Data-tainment

Remember some time ago when we talked about the do’s and don’ts of presenting (see blogpost Less is more: the concept of Zen presentation)? There I shared with you how PowerPoint is not but how Steve Jobs is an inspiration for my own presentations that I frequently give. But there are more…

Hans Rosling

Meet Hans Rosling, professor in global health at the Karolinska Institute in Sweden. After an already impressive career as a doctor and researcher, he is currently focusing on myths around our view of the third world. By demonstrating large amount of data, collected from many open and public available sources (hmm, that has some Web 2.0 flavor) he shows that the third world is not as far apart from the West any more as we believe it is. Rosling clearly demonstrates the trap of statistics and that average economical or social data on health and prosperity of Africa is not representative for the countries the continent is consisting of.

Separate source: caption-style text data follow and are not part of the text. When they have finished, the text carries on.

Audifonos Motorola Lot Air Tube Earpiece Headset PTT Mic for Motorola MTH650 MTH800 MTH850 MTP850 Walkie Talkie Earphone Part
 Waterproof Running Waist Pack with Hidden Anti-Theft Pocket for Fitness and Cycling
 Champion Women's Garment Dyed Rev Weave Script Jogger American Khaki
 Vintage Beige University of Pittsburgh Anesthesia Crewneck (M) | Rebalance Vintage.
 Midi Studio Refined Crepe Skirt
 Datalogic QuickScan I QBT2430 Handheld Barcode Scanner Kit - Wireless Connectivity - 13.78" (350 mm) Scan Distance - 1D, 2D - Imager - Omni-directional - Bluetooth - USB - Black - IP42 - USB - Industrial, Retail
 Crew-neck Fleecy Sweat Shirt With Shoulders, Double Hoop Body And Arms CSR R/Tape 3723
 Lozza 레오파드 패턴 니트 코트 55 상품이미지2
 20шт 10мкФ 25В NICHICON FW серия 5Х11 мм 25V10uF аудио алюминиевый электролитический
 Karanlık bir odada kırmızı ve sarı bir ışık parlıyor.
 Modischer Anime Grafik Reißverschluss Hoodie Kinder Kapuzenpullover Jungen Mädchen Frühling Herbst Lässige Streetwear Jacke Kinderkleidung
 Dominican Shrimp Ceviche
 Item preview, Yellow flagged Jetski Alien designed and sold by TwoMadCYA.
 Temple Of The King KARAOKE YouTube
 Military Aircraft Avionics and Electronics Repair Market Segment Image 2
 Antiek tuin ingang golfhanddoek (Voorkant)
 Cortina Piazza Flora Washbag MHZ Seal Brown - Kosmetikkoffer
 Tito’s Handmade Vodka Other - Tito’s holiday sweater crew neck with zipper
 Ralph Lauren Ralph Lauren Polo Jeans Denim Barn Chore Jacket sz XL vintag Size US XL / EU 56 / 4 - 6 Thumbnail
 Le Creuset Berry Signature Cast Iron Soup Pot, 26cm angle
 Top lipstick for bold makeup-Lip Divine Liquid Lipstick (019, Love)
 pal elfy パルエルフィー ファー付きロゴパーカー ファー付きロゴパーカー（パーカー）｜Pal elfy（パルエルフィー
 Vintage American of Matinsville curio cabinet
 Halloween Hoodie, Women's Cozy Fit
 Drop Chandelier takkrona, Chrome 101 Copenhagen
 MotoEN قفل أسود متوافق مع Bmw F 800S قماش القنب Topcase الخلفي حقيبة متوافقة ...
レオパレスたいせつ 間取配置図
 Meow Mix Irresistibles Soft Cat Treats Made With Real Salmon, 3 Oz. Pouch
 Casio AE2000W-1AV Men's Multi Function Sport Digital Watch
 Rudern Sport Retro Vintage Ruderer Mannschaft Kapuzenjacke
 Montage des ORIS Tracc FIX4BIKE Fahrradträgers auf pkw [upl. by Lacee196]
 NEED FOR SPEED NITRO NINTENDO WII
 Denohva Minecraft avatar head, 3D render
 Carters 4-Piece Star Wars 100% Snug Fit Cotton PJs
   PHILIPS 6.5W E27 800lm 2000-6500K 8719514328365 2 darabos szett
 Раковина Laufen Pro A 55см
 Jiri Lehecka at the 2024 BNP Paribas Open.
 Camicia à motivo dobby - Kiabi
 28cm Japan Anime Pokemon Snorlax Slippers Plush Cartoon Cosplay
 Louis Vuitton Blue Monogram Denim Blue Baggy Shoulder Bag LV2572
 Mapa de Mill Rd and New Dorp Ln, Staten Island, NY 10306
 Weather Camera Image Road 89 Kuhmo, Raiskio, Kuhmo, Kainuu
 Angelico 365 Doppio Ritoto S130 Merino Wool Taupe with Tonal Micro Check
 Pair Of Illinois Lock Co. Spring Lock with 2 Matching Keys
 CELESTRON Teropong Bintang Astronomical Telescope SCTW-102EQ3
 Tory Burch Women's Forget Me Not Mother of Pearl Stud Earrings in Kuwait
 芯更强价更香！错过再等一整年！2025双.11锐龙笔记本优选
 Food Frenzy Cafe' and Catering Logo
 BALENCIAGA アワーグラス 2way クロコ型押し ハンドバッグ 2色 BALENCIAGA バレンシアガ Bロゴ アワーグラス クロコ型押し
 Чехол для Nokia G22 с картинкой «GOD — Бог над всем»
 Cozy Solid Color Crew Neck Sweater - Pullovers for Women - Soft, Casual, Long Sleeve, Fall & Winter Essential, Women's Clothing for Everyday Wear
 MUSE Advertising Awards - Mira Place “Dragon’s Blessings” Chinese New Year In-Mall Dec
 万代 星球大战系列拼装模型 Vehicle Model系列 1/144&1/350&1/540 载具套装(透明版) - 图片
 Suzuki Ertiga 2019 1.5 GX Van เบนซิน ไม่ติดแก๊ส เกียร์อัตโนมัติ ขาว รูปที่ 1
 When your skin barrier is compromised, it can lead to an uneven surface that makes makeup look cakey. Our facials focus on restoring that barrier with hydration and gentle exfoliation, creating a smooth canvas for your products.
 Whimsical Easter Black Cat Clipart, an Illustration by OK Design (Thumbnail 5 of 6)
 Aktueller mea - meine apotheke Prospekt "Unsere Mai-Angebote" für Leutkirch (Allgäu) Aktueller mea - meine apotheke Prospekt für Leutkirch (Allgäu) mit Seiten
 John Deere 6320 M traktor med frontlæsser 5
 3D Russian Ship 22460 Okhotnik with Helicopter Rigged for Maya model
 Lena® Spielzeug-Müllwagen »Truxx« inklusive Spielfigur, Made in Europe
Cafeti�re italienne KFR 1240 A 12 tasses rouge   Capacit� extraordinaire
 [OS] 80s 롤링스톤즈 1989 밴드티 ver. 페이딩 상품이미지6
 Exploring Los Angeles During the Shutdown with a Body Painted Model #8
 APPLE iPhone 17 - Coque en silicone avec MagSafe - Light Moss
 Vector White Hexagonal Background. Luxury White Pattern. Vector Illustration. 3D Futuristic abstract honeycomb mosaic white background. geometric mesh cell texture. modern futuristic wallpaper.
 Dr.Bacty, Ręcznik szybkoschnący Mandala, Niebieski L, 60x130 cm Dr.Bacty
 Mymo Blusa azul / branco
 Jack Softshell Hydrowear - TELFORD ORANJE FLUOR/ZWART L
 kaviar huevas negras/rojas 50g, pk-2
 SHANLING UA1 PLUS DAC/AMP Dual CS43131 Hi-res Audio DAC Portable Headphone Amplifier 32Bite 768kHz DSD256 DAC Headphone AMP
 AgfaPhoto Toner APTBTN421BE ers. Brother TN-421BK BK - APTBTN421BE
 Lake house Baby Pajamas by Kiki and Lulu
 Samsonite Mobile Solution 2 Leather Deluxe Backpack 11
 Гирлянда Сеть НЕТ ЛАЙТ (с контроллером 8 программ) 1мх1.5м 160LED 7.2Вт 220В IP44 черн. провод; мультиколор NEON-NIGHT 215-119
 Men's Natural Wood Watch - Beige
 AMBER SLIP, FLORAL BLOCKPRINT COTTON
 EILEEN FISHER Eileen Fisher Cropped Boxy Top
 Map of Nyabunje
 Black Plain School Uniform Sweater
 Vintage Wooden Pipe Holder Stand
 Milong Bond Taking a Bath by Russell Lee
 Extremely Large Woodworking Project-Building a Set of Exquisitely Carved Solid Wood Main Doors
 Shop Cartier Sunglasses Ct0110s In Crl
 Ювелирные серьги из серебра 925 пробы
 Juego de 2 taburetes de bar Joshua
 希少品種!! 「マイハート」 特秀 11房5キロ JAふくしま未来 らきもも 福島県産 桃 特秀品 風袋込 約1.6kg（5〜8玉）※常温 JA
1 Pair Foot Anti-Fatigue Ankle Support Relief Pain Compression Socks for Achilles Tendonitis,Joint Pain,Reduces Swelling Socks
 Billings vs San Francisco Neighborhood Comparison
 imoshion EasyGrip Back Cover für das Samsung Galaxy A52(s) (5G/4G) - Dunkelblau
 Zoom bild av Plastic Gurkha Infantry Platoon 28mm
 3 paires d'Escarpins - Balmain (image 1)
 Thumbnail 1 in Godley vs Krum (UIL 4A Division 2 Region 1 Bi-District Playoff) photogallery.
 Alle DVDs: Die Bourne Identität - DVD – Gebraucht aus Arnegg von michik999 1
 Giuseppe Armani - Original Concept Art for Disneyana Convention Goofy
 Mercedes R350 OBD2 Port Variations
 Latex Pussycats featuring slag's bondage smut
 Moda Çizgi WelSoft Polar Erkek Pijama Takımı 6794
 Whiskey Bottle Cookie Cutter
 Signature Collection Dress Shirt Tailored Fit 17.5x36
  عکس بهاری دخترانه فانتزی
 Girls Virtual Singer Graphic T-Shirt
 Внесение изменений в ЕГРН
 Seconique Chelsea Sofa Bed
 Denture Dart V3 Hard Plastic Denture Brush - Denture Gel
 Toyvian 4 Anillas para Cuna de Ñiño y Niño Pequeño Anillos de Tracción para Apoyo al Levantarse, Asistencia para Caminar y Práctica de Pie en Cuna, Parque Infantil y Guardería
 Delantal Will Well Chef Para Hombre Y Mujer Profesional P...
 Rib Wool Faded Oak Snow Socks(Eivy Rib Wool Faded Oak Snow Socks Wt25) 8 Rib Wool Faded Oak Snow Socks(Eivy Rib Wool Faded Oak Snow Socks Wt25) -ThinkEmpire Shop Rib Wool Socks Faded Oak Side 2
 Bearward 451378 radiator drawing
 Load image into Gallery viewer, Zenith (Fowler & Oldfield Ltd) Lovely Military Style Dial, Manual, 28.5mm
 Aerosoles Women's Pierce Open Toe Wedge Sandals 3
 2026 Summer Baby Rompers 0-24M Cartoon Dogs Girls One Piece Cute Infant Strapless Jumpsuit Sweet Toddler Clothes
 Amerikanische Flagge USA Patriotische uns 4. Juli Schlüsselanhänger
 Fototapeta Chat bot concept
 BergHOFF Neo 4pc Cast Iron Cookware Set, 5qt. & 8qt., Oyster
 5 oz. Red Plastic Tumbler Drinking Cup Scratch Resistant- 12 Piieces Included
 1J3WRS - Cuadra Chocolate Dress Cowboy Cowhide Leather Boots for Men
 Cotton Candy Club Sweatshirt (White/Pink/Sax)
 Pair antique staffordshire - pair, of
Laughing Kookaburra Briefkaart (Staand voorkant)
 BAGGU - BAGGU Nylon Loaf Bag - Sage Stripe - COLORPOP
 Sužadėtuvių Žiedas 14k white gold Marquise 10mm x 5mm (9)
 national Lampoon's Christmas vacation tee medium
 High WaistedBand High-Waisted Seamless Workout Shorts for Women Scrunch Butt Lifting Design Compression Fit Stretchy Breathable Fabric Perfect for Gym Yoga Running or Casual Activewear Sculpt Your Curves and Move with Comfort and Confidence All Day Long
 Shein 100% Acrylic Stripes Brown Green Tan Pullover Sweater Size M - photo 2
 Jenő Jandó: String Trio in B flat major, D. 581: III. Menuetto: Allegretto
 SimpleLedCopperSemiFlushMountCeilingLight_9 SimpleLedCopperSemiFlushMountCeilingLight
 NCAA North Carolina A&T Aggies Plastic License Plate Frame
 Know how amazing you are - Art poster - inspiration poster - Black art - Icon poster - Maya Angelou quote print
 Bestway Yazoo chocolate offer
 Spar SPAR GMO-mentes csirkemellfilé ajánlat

But the eye-opening findings of his research are not the most fascinating on Hans Rosling. It is his way of presenting tons ‘boring’ data in front of an audience. In his hands, the data comes alive, it starts talking and is taking us on a historic journey, a construction road filled with excitement and eagerness to tell us how things really are. ‘Come with me, I show you what really happened in the past decades with the US and Vietnam after the war, with China after improving public health, with the neighbors Yemen and the United Arabic Emirates”.

And in front of your eyes you see the race of bubbles; small, medium and large, chasing and following each other. Some fall behind, others take over the lead. ‘Oh, this went just too fast for you? Don’t worry, here is the instant replay’. It is a fascinating graphic animation that, together with the passionate presenter, takes you by the throat and won’t let go. And the message is one you won’t forget…

Together with his son and his daughter-in-law Rosling founded the non-profit organization Gapminder where he developed this revolutionary software called Trendalyzer. In March 2006, Trendalyzer was aquired by Google (yep, them again…).

Gapminder

Visit the Gapminder World and play around with the data. It’s just great.